You might also want to put some kind of prior on the correlation matrix, like an LKJ prior with a parameter greater than 1. I simulated with a 1 in the example above.

~norm(0,1) is less heavy-tailed than ~cauchy(0,1) right? It makes just about no difference. All those parameters except L_sigma are stably estimated (L_Sigma, on the other hand, seems fine, with Rhat~=1.00 and Neff around about half of the maximum).

I’ll try the method you described!

Using the “generated quantities” block worked, thanks!

Glad to hear it. Nothing like Monte Carlo without the Markov chain complications. (Having said that, the MCMC version could probably be fit with some careful reparameterization.)

Infinitely less heavy tailed—Cauchy has infinite variance, normal is finite. But as you note, this often doesn’t matter with priors—it’s the posterior tails we care about.
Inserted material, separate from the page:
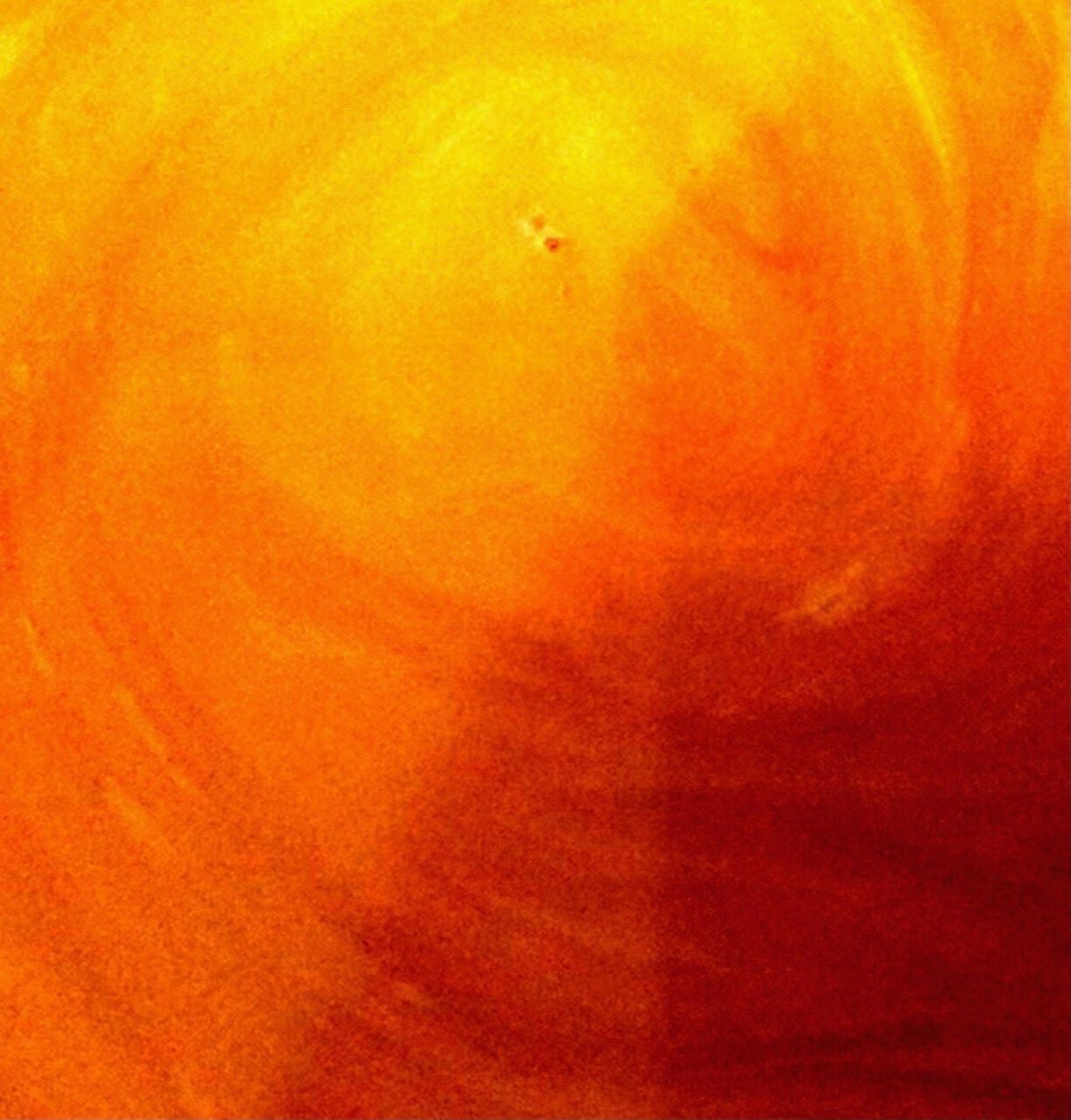 A close up of a painting of a swirl of orange and red paint.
I’ve noticed that just about any combination of priors I can use for this design gives me a covariance matrix where the diagonal is substantially larger than the other values and the other values have a stronger prior toward very low values.

Assuming my covariance matrix is actually a correlation matrix, (i.e., the data it represents are uniform), I’m wondering what suitable values would give me weakly informative or uninformative priors for covar anywhere in the range of 0-0.5.

I don’t know if that’s possible to pull off. In higher dimensions, the constraints lead to priors concentrating around zero correlation. You could use an LKJ prior with argument much less than 1 (but still greater than 0).

In some sense, the diagonals wind up having to be relatively larger than the values. But they can get close when there’s very high correlation and all variances are roughly the same.